The scariest part of a relationship or falling in love is what if it all ends? You want to be so optimistic and think that it will last forever but in reality how many relationships actually work? By no means am I saying my relationship is coming to an end anytime soon I'm just expressing how scared I am; overthinking as well. I'm so scared because what would I do without the main reason of happiness in my life? The reason I feel so alive. He's the first and last voice I want to hear every single day and I honestly don't know how I would go about not having him in my life anymore.
Not seeing him for long periods of time is like the seventh circle of hell, you think two weeks isn't a long time until you're not seeing the one person that makes you happy. Two weeks with him flew by quicker than ever but 14 days without him dragged; I felt as though everyday lasted a year.
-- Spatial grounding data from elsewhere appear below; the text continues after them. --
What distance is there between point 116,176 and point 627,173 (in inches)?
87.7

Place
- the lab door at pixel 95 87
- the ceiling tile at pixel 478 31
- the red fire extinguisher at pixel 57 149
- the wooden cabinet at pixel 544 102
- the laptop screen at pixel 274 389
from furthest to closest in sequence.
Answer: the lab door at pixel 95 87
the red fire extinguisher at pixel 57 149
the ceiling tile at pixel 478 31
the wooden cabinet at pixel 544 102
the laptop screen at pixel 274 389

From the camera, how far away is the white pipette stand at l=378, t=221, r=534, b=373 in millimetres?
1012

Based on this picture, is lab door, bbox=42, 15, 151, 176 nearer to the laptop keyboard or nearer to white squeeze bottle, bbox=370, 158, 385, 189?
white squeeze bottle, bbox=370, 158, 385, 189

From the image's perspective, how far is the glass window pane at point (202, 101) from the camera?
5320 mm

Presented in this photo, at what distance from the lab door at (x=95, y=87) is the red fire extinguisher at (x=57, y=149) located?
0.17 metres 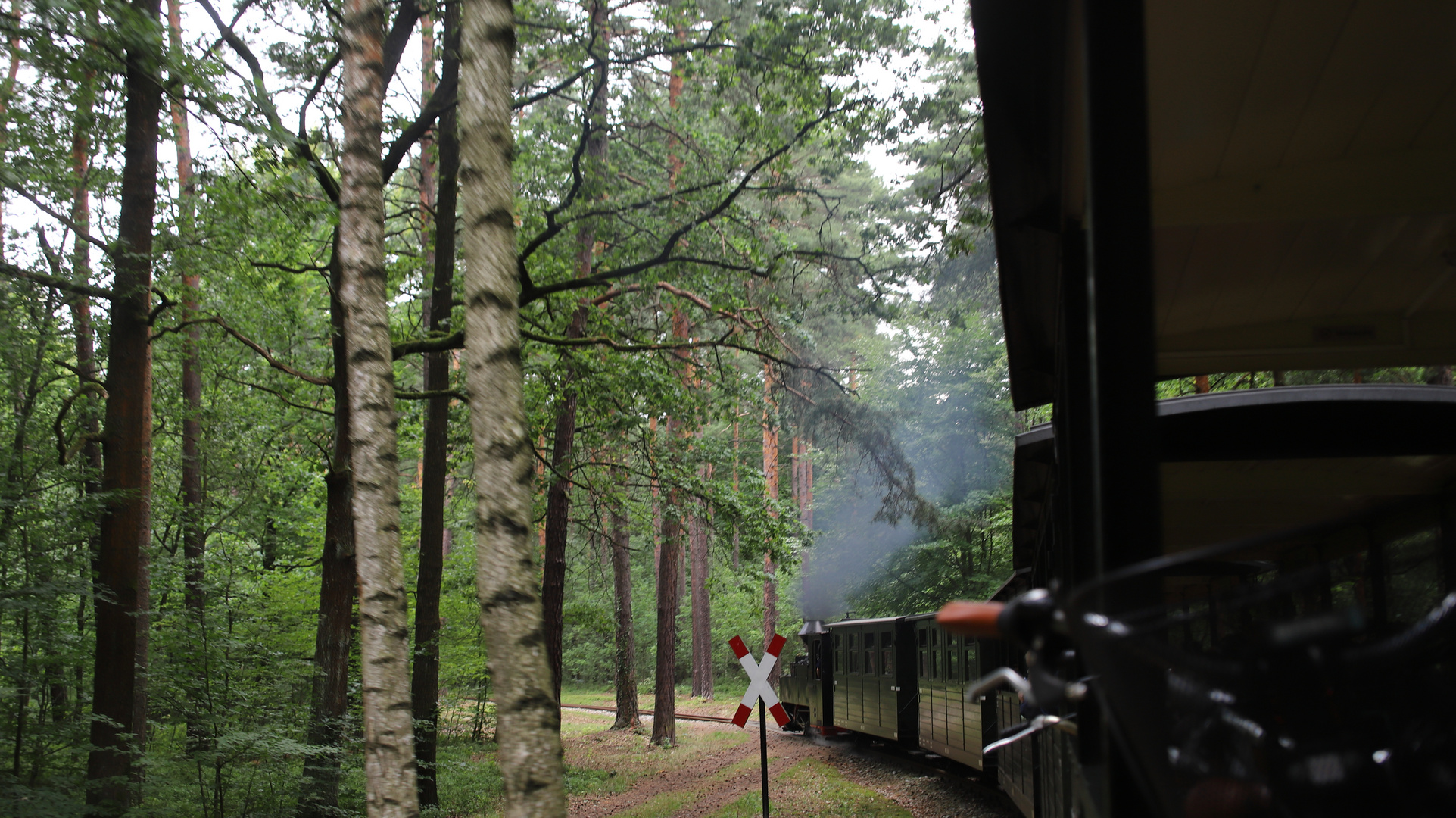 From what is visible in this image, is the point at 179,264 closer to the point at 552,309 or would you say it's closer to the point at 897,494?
the point at 552,309

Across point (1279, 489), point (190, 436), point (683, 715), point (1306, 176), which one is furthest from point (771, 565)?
point (1306, 176)

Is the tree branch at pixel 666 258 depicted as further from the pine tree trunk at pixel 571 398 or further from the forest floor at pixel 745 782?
the forest floor at pixel 745 782

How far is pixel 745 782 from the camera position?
14.4 m

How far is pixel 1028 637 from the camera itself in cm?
103

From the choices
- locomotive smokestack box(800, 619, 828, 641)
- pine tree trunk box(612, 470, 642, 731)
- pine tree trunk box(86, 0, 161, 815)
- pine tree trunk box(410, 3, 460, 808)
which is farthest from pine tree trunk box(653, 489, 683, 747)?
pine tree trunk box(86, 0, 161, 815)

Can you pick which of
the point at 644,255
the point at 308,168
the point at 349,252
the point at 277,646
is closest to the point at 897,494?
the point at 644,255

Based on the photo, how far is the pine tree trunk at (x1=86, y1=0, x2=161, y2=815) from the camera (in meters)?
8.74

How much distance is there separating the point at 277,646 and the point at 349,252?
954cm

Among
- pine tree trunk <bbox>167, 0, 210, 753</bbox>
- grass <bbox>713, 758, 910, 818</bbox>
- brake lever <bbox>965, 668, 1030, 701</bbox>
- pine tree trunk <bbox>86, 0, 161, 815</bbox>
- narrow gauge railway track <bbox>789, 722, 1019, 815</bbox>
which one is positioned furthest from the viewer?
narrow gauge railway track <bbox>789, 722, 1019, 815</bbox>

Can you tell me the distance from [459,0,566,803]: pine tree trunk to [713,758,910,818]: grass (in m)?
8.31

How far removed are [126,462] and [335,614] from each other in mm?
2585

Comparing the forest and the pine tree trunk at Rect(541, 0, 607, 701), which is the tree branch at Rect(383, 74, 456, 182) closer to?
the forest

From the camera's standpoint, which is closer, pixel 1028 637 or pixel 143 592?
pixel 1028 637

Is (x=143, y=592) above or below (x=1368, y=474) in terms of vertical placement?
below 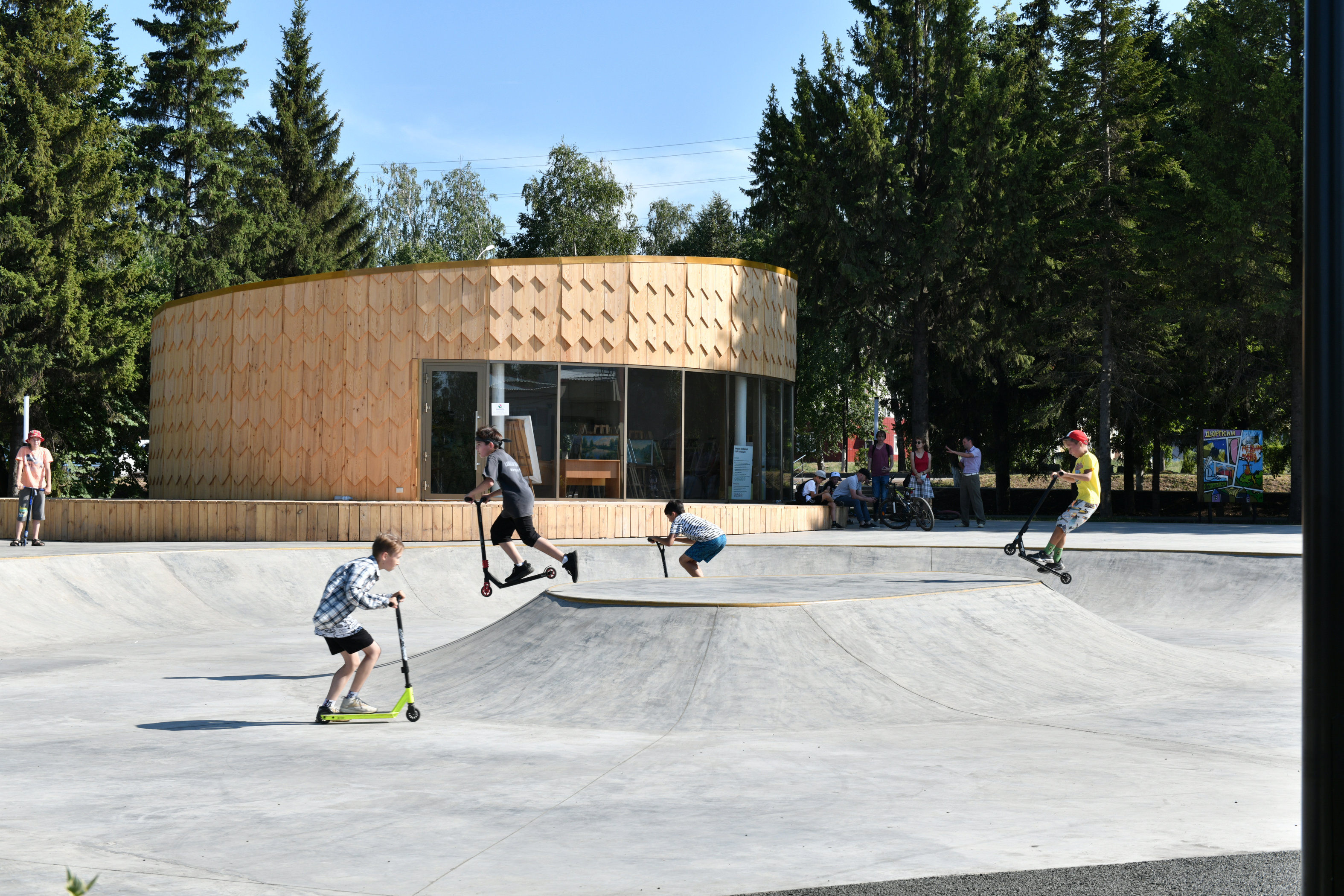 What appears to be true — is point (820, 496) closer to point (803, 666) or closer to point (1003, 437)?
point (1003, 437)

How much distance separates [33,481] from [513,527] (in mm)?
10486

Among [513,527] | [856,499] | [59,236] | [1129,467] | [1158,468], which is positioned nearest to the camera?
[513,527]

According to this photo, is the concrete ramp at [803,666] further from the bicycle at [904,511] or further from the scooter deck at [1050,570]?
the bicycle at [904,511]

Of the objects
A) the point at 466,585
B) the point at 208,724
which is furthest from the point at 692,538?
the point at 208,724

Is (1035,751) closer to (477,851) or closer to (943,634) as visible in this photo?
(943,634)

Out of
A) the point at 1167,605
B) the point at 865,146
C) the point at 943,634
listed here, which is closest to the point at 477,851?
the point at 943,634

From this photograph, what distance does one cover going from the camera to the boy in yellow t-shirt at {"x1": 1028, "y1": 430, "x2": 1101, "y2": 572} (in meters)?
12.0

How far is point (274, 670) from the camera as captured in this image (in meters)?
10.2

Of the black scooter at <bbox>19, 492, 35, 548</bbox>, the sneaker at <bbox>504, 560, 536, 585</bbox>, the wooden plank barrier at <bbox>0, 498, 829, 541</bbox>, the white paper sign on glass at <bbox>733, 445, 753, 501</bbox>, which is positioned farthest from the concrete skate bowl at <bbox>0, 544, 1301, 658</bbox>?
the white paper sign on glass at <bbox>733, 445, 753, 501</bbox>

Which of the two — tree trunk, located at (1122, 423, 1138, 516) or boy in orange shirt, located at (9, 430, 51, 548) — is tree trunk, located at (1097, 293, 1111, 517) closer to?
tree trunk, located at (1122, 423, 1138, 516)

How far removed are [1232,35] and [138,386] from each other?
30408mm

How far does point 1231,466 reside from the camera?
90.6 ft

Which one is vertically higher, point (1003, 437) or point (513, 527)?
point (1003, 437)

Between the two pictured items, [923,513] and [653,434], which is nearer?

You'd never thought he'd loose interest in you, it's as though your whole world is coming crashing down and there's absolutely nothing you can do except sit back and watch it all happen. Knowing that he's just not that into you is the most heart wrenching feeling because you were once the only person he wanted to talk to, you were the one he wanted to talk to first thing in the morning and the last at night, you were once the happiest thing in his life, you were once on his mind, and all of it is gone. You know he doesn't have the courage to say how he really feels but you know deep down that he just didn't want to be with you anymore, and knowing that is scary. I don't know how he felt and it's as though he hid his feelings from me and that's sad. It's not like I was always completely honest with him about how I felt but I just wish it would have been different. You start to think; how long did he have that message typed out? How long has he wanted to say it? How long has he thought that way? Was everything he said just to make me happy? I'll never really know.